#### Provided data

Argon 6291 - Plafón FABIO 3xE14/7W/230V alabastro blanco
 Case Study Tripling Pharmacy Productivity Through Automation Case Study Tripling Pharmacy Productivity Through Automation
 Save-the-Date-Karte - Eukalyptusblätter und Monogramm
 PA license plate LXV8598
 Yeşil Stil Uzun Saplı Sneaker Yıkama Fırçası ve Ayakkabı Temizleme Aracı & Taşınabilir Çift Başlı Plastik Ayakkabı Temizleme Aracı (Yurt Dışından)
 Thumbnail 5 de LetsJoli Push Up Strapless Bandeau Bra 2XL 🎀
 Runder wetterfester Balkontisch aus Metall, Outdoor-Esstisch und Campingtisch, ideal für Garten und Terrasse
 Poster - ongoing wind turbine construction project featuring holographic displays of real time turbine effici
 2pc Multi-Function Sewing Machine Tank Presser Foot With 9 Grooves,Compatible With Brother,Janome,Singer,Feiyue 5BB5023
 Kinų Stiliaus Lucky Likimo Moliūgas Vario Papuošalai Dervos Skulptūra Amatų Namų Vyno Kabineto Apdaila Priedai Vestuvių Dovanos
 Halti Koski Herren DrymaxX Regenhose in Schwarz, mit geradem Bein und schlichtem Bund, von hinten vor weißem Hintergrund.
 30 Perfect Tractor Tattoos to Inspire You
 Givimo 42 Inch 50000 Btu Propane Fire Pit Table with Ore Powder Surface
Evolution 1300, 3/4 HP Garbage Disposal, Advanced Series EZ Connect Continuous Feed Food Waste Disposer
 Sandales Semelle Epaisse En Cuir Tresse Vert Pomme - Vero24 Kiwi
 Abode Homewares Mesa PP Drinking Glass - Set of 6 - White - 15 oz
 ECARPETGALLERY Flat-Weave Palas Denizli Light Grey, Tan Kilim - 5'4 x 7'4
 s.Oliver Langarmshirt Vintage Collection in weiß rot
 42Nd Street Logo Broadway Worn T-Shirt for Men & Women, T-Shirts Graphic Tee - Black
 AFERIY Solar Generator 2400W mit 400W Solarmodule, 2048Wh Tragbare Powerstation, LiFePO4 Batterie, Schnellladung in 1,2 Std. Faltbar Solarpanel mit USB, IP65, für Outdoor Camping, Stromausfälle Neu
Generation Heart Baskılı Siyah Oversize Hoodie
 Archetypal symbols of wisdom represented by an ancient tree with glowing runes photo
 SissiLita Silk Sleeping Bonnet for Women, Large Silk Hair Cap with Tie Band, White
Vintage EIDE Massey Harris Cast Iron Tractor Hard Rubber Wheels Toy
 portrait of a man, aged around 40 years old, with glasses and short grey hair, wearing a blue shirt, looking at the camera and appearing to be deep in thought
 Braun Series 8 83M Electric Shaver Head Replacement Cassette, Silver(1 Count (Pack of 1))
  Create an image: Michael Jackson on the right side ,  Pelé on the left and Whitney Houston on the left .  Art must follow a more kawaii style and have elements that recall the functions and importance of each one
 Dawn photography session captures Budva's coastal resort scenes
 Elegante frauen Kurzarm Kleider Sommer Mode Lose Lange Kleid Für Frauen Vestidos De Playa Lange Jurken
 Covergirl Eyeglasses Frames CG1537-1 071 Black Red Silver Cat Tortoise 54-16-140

########

### Task requirements:
Looking at the entries above, count the lines that contain the string "Series", then give the number and nothing else.

### Answer box:
2